▶ _Work request_: Your copy should start at the line with "Madrid Retiro lake" and end at the line with "E27 14LEDs Bulb" in the data below. Transcribe only those lines, exactly, pictures excluded.

[Stored data — start]

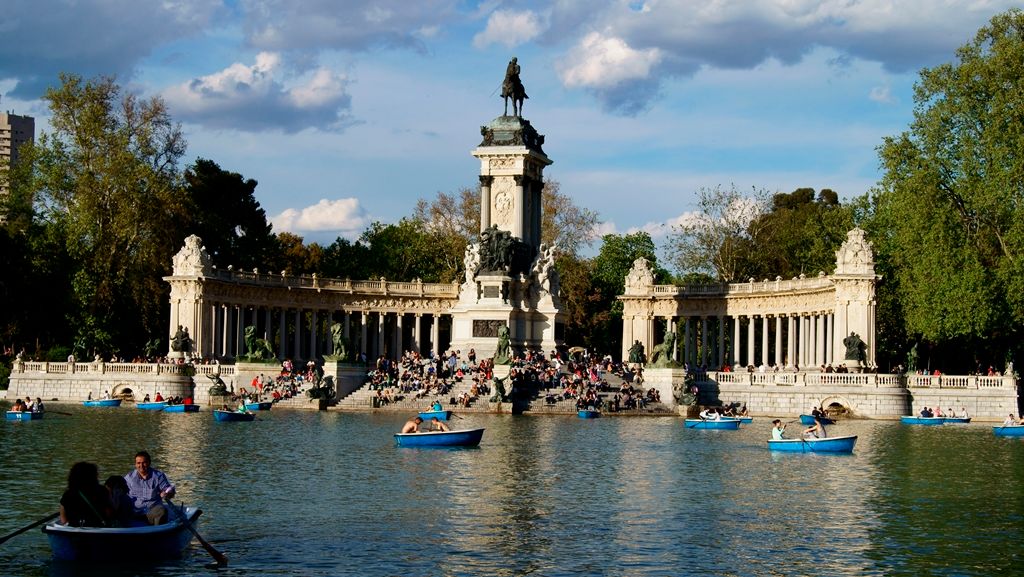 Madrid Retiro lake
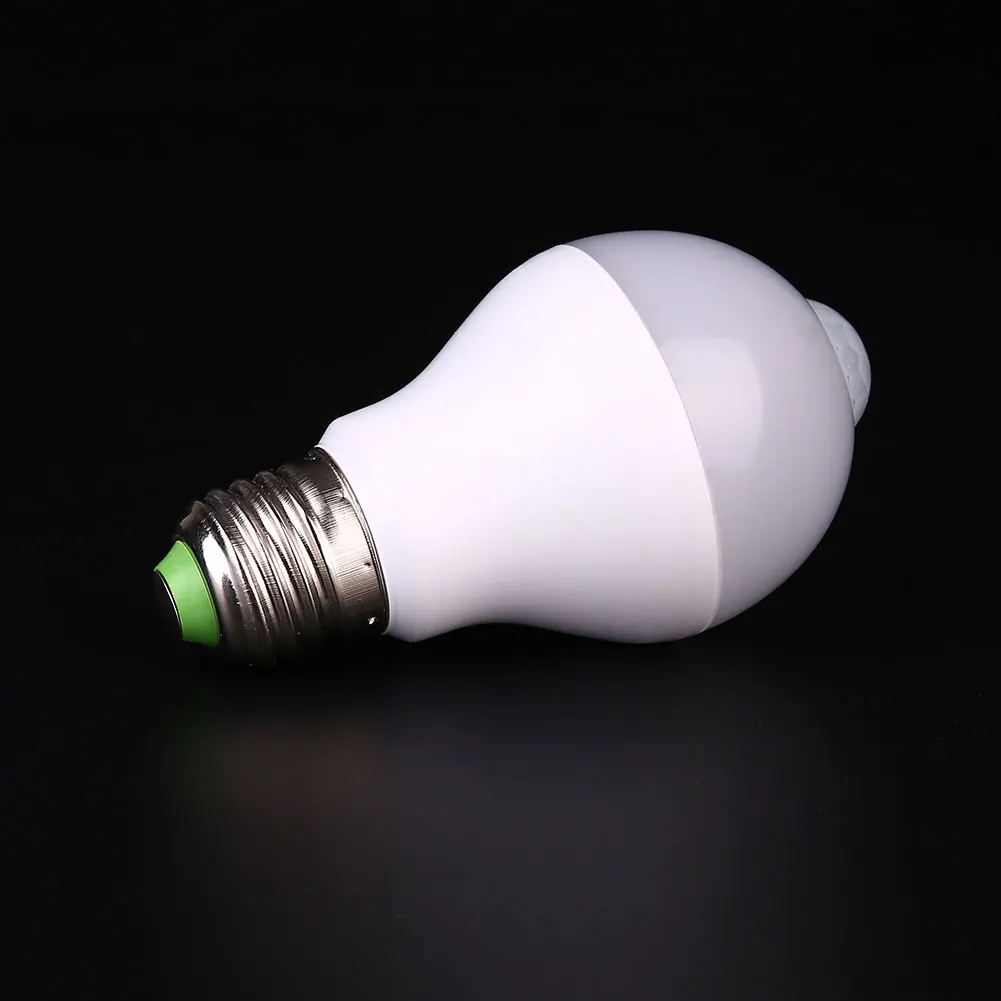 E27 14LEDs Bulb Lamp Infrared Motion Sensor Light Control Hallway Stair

[Stored data — finish]
[Stored data — start]

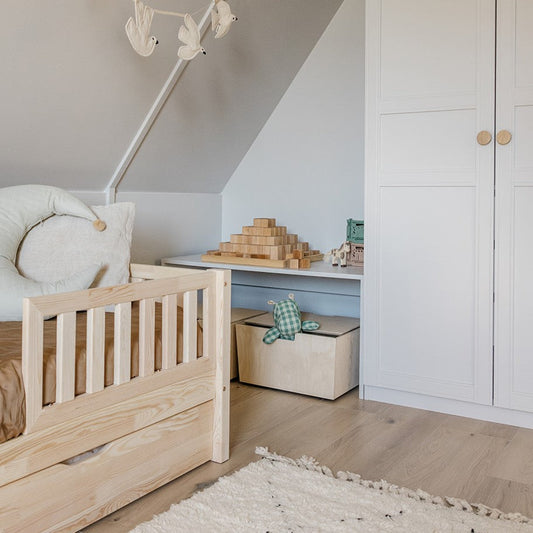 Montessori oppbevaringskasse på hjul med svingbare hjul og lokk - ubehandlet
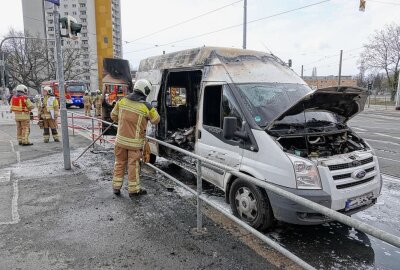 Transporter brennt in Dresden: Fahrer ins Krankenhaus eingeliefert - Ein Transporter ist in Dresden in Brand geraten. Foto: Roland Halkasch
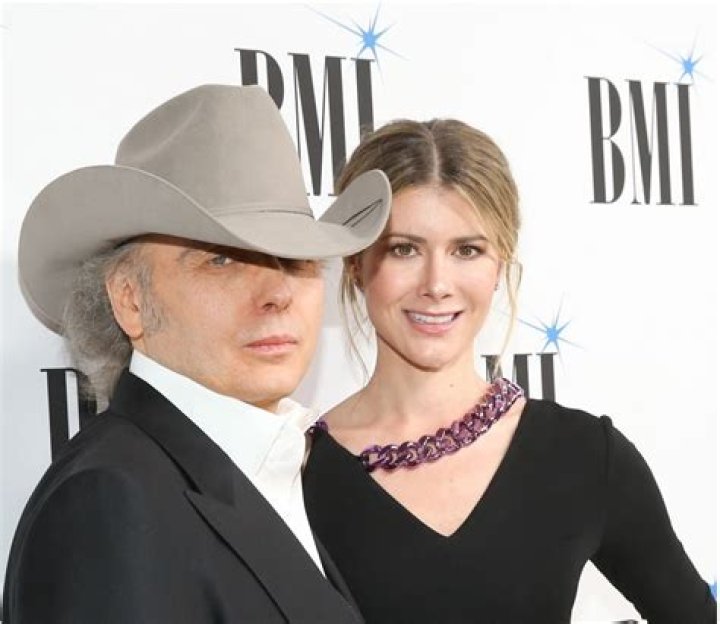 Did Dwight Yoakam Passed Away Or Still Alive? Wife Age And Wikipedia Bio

[Stored data — finish]
[Stored data — start]

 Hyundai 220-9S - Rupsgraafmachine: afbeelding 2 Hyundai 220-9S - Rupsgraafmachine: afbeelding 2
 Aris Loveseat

[Stored data — finish]

▶ _Exercise output_:
 Madrid Retiro lake
 E27 14LEDs Bulb Lamp Infrared Motion Sensor Light Control Hallway Stair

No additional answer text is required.